This is one of my favourite parts of the chapter, particularly the line in the edit:
Lonan doesn’t understand why she’s asking him all these questions. Her eyes are blue, and her roots are growing back in—a dull brown instead of the hot red. She smiles like his mother, and rests her elbow against the edge of the pew. He stares as she adjusts the elastic of her camisole back over her shoulder, and follows his gaze like she’s expected this.
“I can’t remember.”
He can’t feel his tongue. He can’t feel his heartbeat. He can’t remember how he got like this—if it’s all an illusion, or if someone has cast a curse that’s made him this way. He doesn’t remember if this woman is supposed to be good looking—he’s only distracted by her fingernails, her tattoos, the stack of rings on her single index finger. He reminds her of someone but no one in particular—maybe just women, his mother, his ex-girlfriends, his unknown sisters.
The next one has so? much? symbolism? I am English class:
He doesn’t know why he gets up or when, just that he ends up at the altar. A bible sits on a gold mount, and he fingers the pages, smoothing the ink until it transfers onto his thumb. He doesn’t understand how to read the words—he doesn’t remember how literate he is, just that the ink transfers. He brings the blackened thumb to his face and presses it into his cheek, and if it weren’t for the sudden touch at his back, he’d forget about the woman at the pew.

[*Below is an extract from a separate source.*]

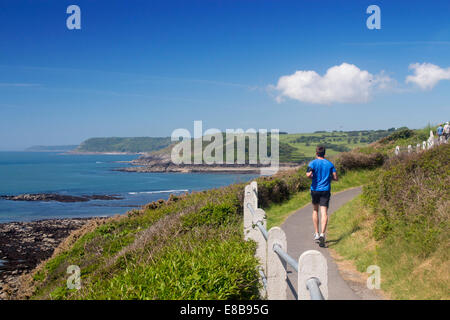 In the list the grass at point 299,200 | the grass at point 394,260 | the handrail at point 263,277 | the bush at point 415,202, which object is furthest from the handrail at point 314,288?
the grass at point 299,200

“Are you a journalist?” she asks. Lonan smooths his finger again over the page, erasing words like father, lie, unnatural, flesh. The words don’t move as much as he wants them to—they don’t reorder even when he begs them to. He isn’t religious and never has been, but at the altar he wants nothing more than God’s forgiveness.

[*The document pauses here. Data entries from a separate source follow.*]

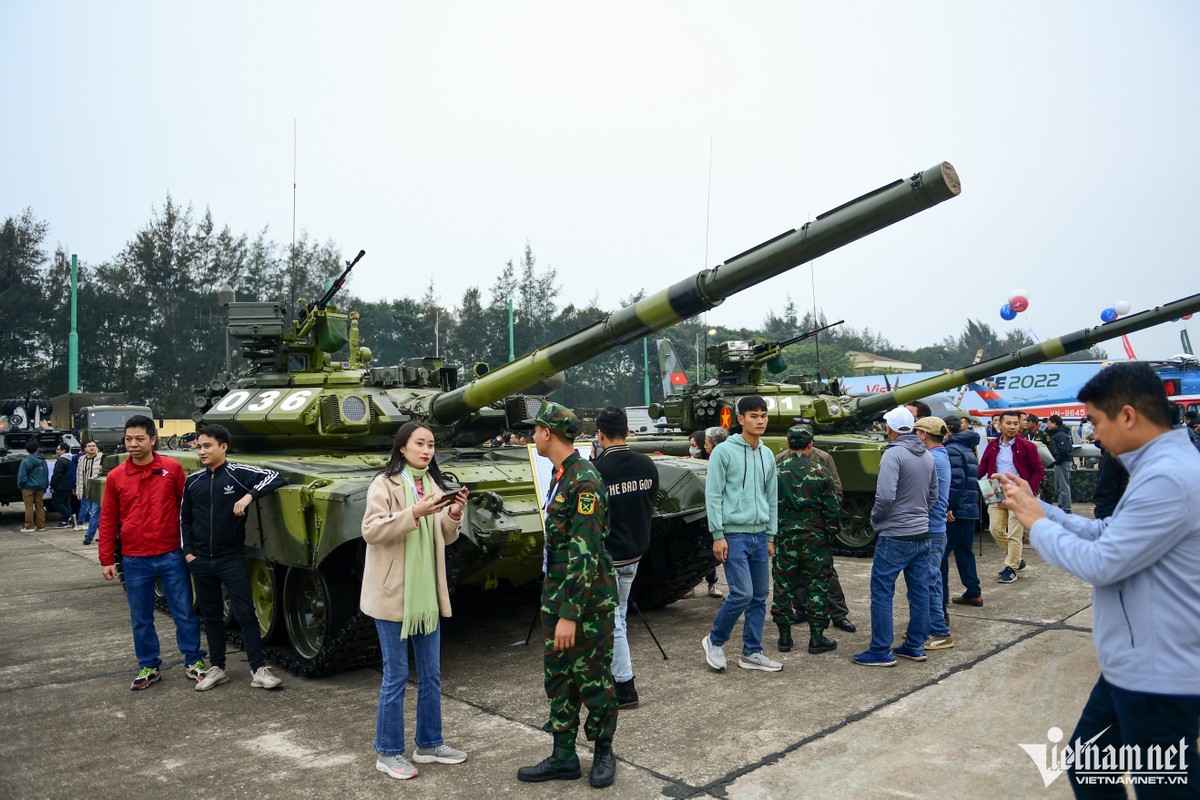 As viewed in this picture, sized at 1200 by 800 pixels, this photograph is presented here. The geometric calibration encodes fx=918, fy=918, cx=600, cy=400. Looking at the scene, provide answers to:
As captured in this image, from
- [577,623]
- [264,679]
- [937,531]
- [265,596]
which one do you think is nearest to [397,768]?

“My father is a journalist,” he lies. His father is dead, he means. His father is the Satanist. “Adam.”
“That’s your father?”
“My name.”
He can’t remember why the woman has removed her jacket. He turns to look at her.
“Are you supposed to be here?” He doesn’t know why he asks this. It just tumbles out of his mouth like his fake cover story, his fake name, the fake words smudged under his fingernails.
“We’re all supposed to be here. I’m Winona.”
“What city is this?”
She leans against the altar, closer to him. She smells like jasmine and vanilla. Moonlight pools through the skylight above her and carves out her outline. This is what distracts him from noticing the hand she slides against his shoulder.
“Vegas. I’m a local. Are you sure you aren’t a journalist? All the high school kids keep insisting this place is haunted. You’re trying to get a story?”
“I don’t believe in God.” Lonan stares at the moon from the skylight. The rain blurring it like organic pointillism. Her fingertips bleed through the jacket, not his jacket—Harrison’s jacket. The thought makes him flinch. “Do you believe in God?”
She chews her lip. “Is that a trick question?”
Lonan turns away from her and the Bible, descending the stairs back toward the pew.
“Why did you come to the church?” she says, her voice growing quieter and quieter the closer he gets to the exit. “If you didn’t believe in God?” He hears her shuffle to grab her things and catch up with him, and he lets her, slowing down until she reaches a half step behind him.
“I wanted to make sure,” he says.
That’s it for this update! Writing this chapter really sparked my love for this project again, and I’m excited to see where it goes from here because I’ve basically run out of pre-planned beats to hit! I’m almost at 25k, which is also very exciting!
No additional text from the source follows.